Mathews was a recipient of social security disability benefits, whose entitlement was stopped in 1972. He challenged the authority of the Social Security Administration to halt his benefits without affording him an evidentiary hearing. At that time, there was precedent (Goldberg v. Kelly) that held termination of welfare benefits without an evidentiary hearing was in fact a deprivation of substantive due process. 

The Mathews Court distinguished Goldberg on various grounds. Perhaps the most instructional being that the SSA termination process required that the "disability recipient" was provided with written explanation of any "tentative assessment" that disability payments should end, and was "given an opportunity to submit additional arguments and evidence." Essentially, that the opportunity to respond in writing, and the full access to "the information relied on by the state agency," was sufficient due process in this context. 424 U.S. at 322.

In affirming that Mathews had no such right to an evidentiary hearing before termination of his disability benefits, the Court made some other interesting observations which I have pondered over the years, as I have taught Constitutional Law. 

The Court supported its decision saying that "the decision to discontinue disability benefits will normally turn upon routine, standard, and unbiased medical reports by physician specialists "(citing Richardson v. Perales).

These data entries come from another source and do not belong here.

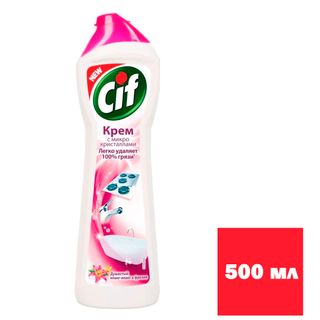 Микротүйіршіктері бар әмбебап тазартқыш крем CIF "Хош иісті иланг-иланг және фрезия" (қызғылт), 500 мл / Әмбебап тазалау құралдары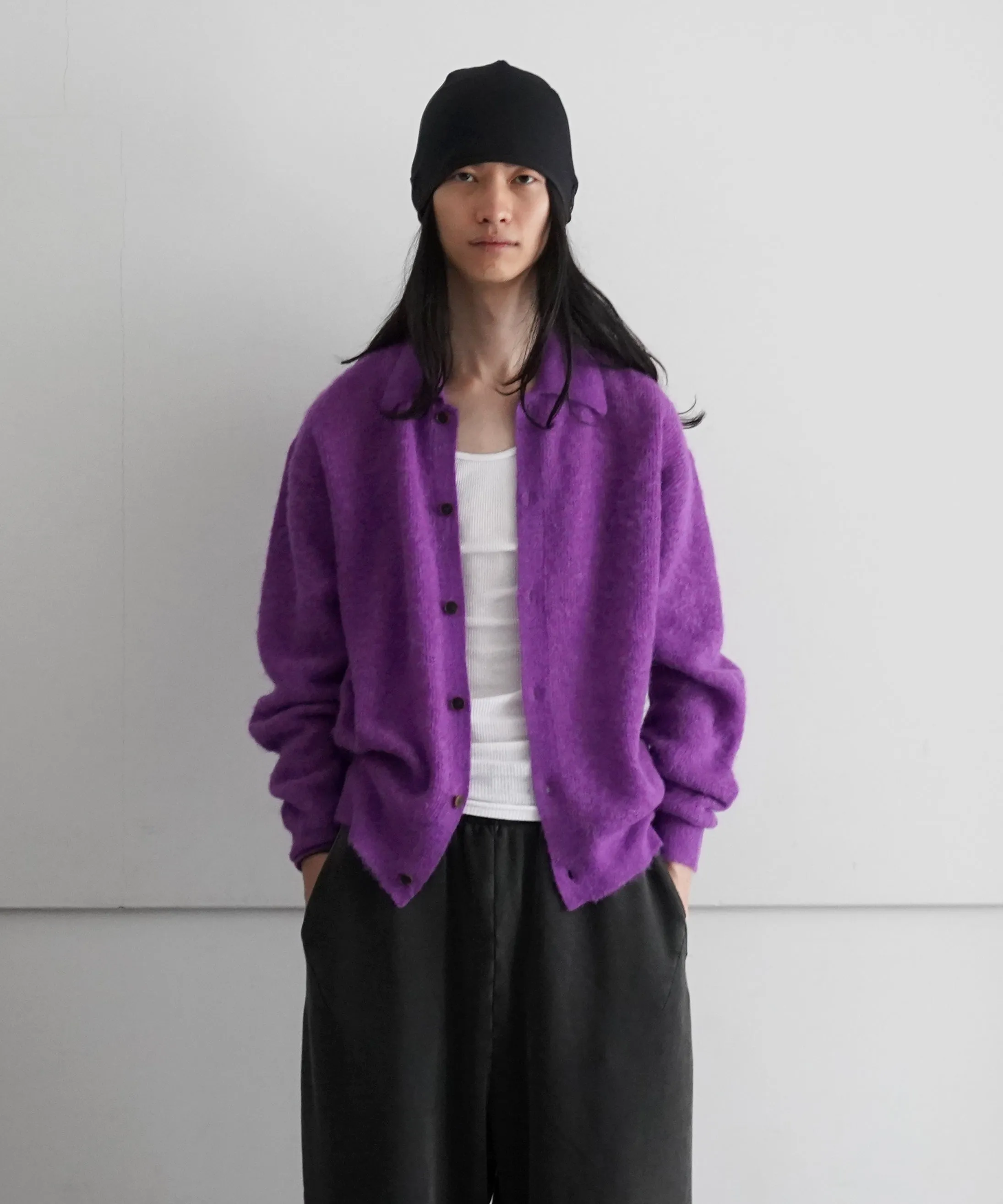 AURALEE BABY SURI ALPACA KNIT SHIRT CARDIGAN "PURPLE"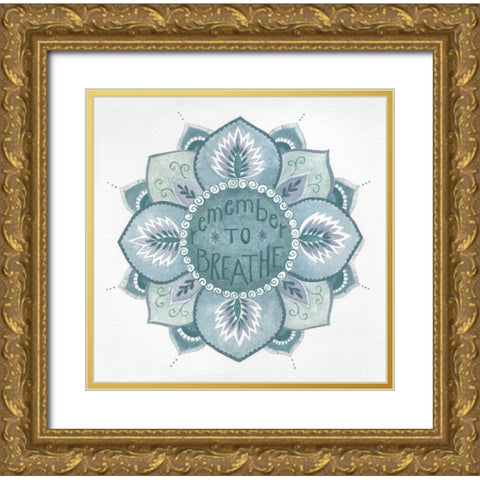 Breathe Gold Ornate Wood Framed Art Print with Double Matting by Shamp, Cindy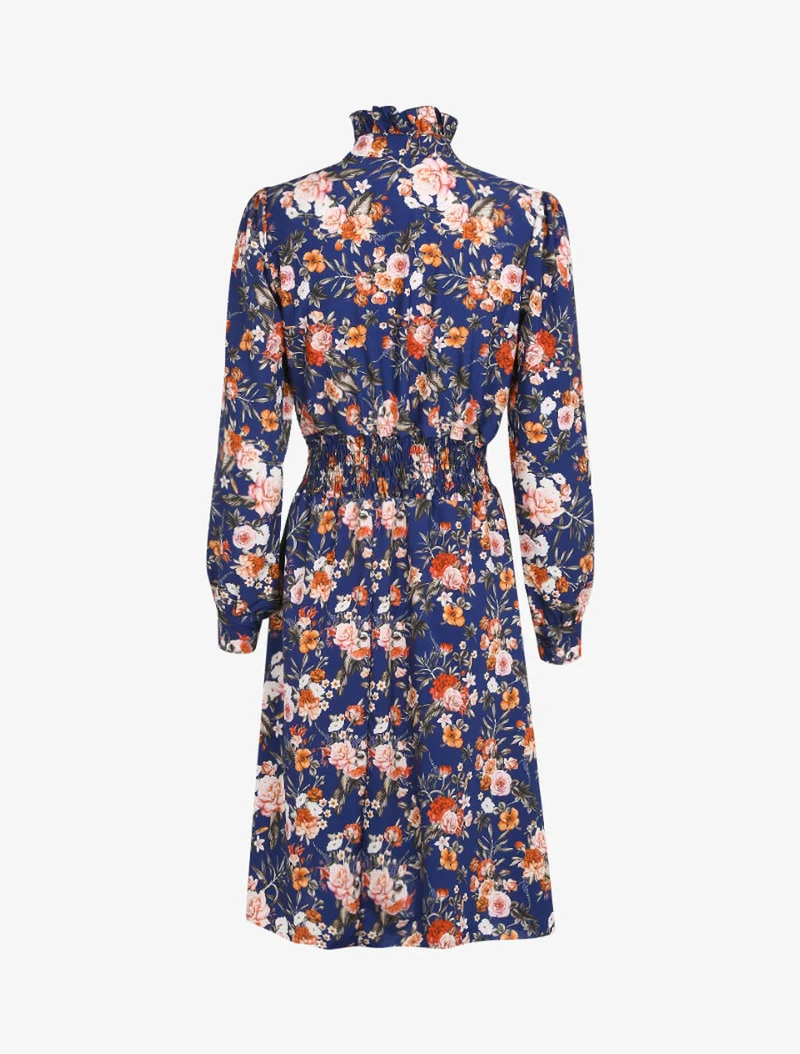 Kleid mit Stehkragen und Schluppe - Blau
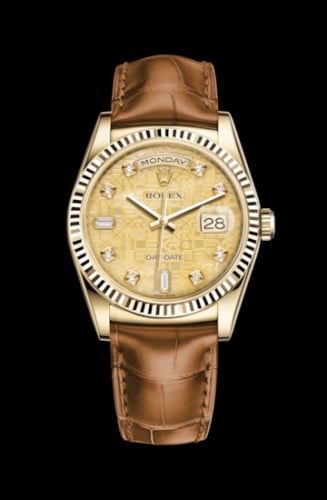 Rolex Day-Date 36 Yellow Gold Fluted / Strap / Champagne Computer
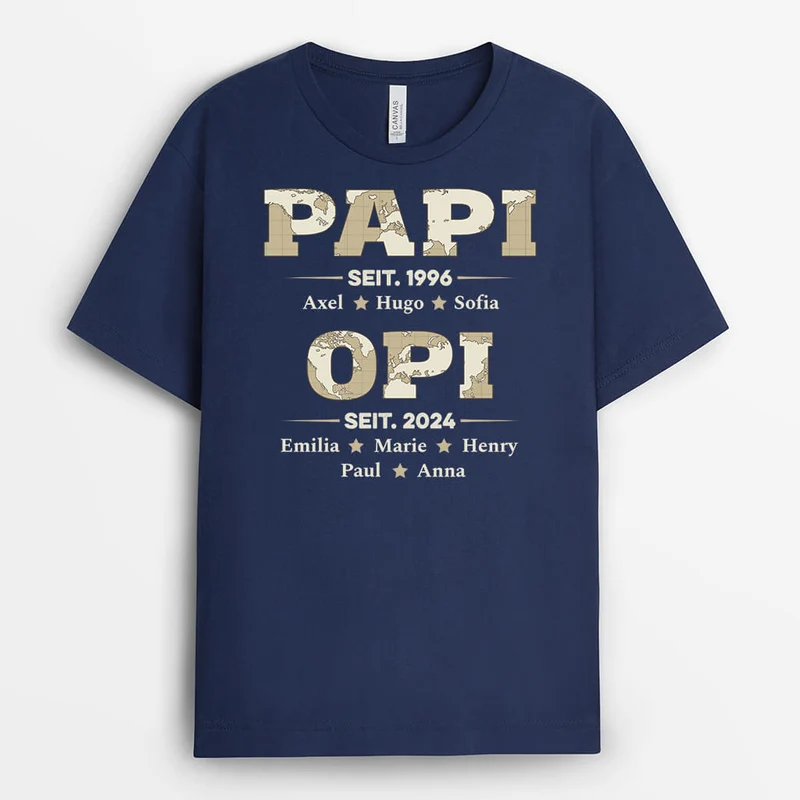 Papa Opa Sein - Personalisiertes Geschenk | T-shirt für Opas/Papas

The Court also said that "eligibility for disability payments is not based on financial need, and although hardship may be imposed upon the erroneously terminated disability recipient, his need is likely less than the welfare recipient." In other words, the Court seems to conclude that people on welfare have had to prove they need support, but injured people have not been put to that proof. 

This was cited as a justification for the conclusion that "there is less reason than in Goldberg to depart from the ordinary principle that something less than an evidentiary hearing is sufficient." 424 U.S. at 339. 

Are reports by physician specialists "routine, standard, and unbiased?" Or is it appropriate that these reports be subjected to cross-examination? Is it logical that someone disabled has less of a need for financial support than someone who, while able, is not working? Is the distinction not in the need for support, but in the fact that need is previously proven in the welfare example?

Mathews makes for interesting reading. Understanding the extent of due process is positive for everyone, and a good reminder even for those who studied it in law school.